Il 19 aprile ricorre l’84° anniversario dalla promulgazione della prima Legge di tutela della razza da parte del regime fascista. Una legge rivolta in particolare ai connazionali che abitavano nelle colonie africane (Somalia, Eritrea, Etiopia e Libia). Il regio decreto n. 880 del 1937, convertito dalla legge 30 dicembre 1937 n. 2590, recante ‘Sanzioni per i rapporti d’indole coniugale fra cittadini e sudditi’ vietava e perseguiva penalmente i matrimoni misti e il madamato. Il governo fascista vietava infatti i matrimoni tra persone di razza diversa  e il concubinaggio ("madamato", appunto) con donne native delle terre africane colonizzate. E puniva con la reclusione da 1 a 5 anni gli italiani che si macchiano del delitto biologico di ‘inquinare la razza’ e del delitto morale di ‘elevare’ l'indigena al proprio livello.

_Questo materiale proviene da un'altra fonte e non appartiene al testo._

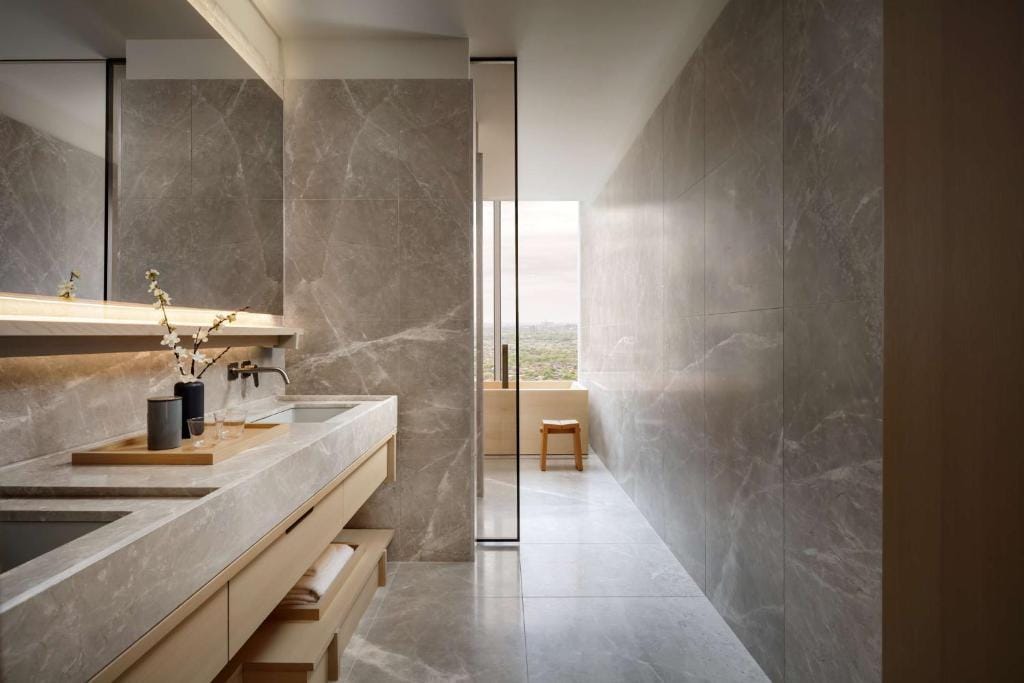 Nobu Hotel Toronto — 3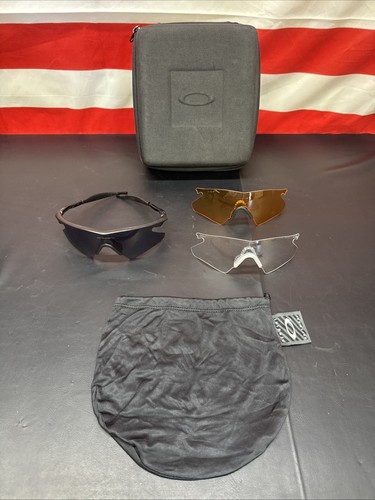 Oakley vintage frame - oakley,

Il motivo? La perdita del prestigio di appartenenza alla ‘razza superiore’. 

Le testimonianze

“L’accoppiamento con creature inferiori - scriveva Alessandro Lessona, ministro delle Colonie, su La Stampa del 9 gennaio 1937 - non va considerato solo per la anormalità del fatto fisiologico e neanche soltanto per le deleterie conseguenze che sono state segnalate, ma come scivolamento verso una promiscuità sociale, conseguenza inevitabile della promiscuità familiare nella quale si annegherebbero le nostre migliori qualità di stirpe dominatrice. Per dominare gli altri occorre imparare a dominare se stessi”.  Mentre la Corte d’Appello di Addis Abeba specificava che il madamato non si verificava “nel caso di un nazionale che, assunta come domestica una donna indigena, la tenga in casa con un centinaio di lire mensili per salario, e se ne serva sessualmente, giacendo con lei tutte le volte che ne senta il bisogno [...] ma dopo quaranta giorni circa, sente di sbandare da quelli che sono i doveri razziali di ogni buon italiano e si disfa della donna”.

La necessità di ricordare

È necessario imparare anche da questi eventi del passato per non dimenticare, ricordare per non ripetere. E come ha scritto Primo Levi nel celebre ‘Se questo è un uomo’: “Se comprendere è impossibile, conoscere è necessario, perché ciò che è accaduto può ritornare, le coscienze possono nuovamente essere sedotte ed oscurate: anche le nostre”.